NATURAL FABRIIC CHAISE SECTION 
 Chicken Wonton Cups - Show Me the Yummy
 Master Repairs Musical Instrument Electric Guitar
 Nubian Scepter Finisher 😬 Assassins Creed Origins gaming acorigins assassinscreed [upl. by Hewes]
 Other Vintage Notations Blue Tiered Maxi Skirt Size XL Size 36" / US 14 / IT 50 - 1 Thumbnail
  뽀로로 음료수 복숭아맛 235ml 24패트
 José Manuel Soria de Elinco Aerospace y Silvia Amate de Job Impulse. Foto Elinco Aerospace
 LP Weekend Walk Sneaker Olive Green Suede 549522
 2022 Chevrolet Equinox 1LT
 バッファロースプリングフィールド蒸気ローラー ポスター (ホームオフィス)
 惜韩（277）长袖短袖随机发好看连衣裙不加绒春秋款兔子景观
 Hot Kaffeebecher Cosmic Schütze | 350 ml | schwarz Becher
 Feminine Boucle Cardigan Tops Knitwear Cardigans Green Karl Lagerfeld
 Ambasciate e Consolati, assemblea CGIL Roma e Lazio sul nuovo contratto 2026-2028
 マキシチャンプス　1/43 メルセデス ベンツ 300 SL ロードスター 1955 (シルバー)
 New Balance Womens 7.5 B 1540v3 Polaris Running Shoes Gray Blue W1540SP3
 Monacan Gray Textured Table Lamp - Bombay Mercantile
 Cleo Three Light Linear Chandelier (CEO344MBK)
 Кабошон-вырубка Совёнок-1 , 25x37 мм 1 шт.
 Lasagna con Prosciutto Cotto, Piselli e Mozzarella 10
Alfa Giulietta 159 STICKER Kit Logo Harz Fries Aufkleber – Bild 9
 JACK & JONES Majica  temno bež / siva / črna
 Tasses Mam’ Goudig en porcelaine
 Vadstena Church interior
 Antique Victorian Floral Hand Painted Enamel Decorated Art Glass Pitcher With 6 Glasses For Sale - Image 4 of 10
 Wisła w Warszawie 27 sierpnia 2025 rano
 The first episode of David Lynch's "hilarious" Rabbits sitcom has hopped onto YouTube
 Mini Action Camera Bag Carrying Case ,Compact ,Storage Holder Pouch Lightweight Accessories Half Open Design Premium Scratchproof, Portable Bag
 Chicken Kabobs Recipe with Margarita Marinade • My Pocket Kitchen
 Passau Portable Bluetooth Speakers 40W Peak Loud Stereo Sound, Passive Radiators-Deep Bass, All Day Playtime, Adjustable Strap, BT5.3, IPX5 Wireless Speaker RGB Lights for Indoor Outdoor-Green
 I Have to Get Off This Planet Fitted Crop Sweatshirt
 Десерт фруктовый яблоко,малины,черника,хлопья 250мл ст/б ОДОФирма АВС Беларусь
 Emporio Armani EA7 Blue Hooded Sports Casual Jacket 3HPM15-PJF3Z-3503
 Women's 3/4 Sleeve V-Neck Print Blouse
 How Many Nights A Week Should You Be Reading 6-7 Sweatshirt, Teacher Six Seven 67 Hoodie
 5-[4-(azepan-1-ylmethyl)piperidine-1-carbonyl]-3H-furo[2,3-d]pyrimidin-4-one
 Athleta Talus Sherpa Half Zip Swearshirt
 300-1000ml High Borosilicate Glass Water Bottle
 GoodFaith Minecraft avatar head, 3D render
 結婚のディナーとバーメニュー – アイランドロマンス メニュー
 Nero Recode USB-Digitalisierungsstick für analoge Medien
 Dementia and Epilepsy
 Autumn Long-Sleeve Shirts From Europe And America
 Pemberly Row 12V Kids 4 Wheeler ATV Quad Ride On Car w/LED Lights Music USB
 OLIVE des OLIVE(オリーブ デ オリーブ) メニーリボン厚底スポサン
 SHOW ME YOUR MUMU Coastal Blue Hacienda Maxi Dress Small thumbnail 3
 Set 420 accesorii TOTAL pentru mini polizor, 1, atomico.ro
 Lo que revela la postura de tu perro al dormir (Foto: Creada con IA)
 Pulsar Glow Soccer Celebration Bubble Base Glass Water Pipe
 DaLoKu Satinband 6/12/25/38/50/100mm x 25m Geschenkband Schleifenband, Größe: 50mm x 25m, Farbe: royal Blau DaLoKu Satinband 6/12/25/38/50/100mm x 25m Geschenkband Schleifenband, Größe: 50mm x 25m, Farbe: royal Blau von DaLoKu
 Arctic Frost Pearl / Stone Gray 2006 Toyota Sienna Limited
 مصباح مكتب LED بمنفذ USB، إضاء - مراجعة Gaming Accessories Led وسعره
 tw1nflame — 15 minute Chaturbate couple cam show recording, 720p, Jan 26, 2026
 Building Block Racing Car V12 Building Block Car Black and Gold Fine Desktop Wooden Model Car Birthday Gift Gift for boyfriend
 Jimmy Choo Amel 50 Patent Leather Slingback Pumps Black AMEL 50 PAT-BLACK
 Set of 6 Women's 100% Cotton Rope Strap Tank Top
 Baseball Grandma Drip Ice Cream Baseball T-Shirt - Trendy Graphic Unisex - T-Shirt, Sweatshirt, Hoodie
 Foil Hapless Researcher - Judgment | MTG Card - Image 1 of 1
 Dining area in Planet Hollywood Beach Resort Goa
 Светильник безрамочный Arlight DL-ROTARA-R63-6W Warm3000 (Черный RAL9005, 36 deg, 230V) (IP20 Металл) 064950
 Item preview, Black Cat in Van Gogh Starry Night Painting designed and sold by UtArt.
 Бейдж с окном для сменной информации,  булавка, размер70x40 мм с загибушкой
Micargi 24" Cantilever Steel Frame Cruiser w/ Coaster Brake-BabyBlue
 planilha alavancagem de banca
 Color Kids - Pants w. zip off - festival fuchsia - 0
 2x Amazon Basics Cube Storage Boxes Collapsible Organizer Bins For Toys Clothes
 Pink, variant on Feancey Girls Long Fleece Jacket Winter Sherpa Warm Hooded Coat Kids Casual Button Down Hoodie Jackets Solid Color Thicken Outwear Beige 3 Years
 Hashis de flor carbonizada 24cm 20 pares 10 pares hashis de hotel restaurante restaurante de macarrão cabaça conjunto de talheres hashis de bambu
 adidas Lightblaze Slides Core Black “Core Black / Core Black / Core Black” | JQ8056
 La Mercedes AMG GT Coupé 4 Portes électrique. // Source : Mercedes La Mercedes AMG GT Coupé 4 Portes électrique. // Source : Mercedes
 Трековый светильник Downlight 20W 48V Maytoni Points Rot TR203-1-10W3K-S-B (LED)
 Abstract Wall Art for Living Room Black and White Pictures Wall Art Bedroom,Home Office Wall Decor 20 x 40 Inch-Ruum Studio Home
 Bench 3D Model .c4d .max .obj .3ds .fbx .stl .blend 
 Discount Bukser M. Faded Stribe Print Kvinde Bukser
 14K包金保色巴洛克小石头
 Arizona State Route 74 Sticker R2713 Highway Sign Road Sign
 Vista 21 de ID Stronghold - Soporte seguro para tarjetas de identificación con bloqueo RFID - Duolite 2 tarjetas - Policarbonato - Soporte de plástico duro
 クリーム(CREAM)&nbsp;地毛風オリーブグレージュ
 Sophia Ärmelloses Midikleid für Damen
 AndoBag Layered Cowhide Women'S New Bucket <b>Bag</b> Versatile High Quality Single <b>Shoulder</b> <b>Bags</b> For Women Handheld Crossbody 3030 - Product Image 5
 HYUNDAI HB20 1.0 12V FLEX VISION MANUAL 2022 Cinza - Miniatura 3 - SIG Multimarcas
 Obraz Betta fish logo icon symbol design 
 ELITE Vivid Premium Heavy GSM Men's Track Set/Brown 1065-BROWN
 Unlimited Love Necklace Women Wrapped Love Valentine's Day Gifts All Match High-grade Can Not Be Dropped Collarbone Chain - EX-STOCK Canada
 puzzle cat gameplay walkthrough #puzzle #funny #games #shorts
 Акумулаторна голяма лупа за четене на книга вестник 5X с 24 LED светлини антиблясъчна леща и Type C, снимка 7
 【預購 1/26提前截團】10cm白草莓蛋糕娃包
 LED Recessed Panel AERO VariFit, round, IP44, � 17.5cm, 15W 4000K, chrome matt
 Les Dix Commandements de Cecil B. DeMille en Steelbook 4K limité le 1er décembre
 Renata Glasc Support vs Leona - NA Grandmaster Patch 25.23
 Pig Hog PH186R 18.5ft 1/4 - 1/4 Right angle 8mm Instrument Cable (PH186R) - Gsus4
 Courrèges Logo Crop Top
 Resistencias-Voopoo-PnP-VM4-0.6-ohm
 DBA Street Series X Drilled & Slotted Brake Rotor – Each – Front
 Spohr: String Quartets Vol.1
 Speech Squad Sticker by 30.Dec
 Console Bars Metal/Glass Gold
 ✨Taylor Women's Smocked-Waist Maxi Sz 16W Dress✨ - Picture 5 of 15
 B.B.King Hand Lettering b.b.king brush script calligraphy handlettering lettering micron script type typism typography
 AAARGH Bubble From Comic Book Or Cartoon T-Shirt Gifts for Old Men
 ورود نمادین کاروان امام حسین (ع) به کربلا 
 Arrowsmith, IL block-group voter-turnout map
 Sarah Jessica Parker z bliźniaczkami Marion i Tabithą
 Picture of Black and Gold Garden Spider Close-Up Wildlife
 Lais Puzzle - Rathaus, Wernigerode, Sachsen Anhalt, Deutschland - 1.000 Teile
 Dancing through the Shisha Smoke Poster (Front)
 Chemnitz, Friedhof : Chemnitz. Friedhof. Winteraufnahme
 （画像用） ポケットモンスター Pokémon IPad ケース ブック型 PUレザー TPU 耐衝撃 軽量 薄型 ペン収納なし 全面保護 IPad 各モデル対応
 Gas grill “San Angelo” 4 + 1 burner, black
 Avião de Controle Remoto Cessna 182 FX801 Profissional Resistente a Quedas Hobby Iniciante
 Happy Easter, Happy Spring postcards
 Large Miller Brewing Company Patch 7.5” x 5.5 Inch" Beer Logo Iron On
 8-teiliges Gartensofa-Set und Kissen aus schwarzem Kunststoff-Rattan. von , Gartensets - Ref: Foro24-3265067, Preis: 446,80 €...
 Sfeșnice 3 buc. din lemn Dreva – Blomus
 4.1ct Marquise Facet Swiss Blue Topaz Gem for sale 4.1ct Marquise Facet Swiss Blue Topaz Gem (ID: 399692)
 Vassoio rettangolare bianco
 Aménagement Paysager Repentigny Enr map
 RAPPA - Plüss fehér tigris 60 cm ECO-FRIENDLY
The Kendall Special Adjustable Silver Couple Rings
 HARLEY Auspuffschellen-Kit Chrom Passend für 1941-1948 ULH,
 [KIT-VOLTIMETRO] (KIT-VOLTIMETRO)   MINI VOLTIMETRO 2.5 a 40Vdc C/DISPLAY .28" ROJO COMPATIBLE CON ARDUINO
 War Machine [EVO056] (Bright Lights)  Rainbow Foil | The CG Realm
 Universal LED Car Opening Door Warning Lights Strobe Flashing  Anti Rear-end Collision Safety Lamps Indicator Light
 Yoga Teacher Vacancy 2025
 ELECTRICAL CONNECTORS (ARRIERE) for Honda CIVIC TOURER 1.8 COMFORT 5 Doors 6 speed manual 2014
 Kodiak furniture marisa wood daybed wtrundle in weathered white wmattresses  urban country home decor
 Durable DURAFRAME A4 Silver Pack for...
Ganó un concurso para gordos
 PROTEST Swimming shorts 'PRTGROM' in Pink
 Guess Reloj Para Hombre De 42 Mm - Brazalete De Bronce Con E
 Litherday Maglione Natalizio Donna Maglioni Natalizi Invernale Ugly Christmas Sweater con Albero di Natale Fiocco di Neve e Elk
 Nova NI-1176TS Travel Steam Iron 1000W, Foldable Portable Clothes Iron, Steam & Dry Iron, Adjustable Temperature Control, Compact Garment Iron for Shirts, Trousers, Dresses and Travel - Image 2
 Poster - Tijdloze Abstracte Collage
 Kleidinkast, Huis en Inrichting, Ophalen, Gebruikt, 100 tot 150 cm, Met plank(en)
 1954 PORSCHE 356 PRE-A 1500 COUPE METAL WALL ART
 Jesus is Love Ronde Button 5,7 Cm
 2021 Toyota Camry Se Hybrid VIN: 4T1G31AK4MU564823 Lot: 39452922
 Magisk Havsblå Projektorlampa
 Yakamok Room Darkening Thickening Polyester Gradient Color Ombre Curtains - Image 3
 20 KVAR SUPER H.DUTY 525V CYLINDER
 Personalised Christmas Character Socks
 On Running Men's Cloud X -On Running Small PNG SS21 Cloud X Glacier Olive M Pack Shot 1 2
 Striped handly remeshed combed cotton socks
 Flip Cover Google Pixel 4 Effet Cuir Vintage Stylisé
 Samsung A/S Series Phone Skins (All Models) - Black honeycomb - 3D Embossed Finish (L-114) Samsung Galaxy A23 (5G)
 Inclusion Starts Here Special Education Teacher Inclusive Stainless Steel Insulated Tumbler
........
What you need to do: Retype, without changes, the lines from the line holding "Litherday Maglione Natalizio" to the end of the data, both ends included.

Response:
 Litherday Maglione Natalizio Donna Maglioni Natalizi Invernale Ugly Christmas Sweater con Albero di Natale Fiocco di Neve e Elk
 Nova NI-1176TS Travel Steam Iron 1000W, Foldable Portable Clothes Iron, Steam & Dry Iron, Adjustable Temperature Control, Compact Garment Iron for Shirts, Trousers, Dresses and Travel - Image 2
 Poster - Tijdloze Abstracte Collage
 Kleidinkast, Huis en Inrichting, Ophalen, Gebruikt, 100 tot 150 cm, Met plank(en)
 1954 PORSCHE 356 PRE-A 1500 COUPE METAL WALL ART
 Jesus is Love Ronde Button 5,7 Cm
 2021 Toyota Camry Se Hybrid VIN: 4T1G31AK4MU564823 Lot: 39452922
 Magisk Havsblå Projektorlampa
 Yakamok Room Darkening Thickening Polyester Gradient Color Ombre Curtains - Image 3
 20 KVAR SUPER H.DUTY 525V CYLINDER
 Personalised Christmas Character Socks
 On Running Men's Cloud X -On Running Small PNG SS21 Cloud X Glacier Olive M Pack Shot 1 2
 Striped handly remeshed combed cotton socks
 Flip Cover Google Pixel 4 Effet Cuir Vintage Stylisé
 Samsung A/S Series Phone Skins (All Models) - Black honeycomb - 3D Embossed Finish (L-114) Samsung Galaxy A23 (5G)
 Inclusion Starts Here Special Education Teacher Inclusive Stainless Steel Insulated Tumbler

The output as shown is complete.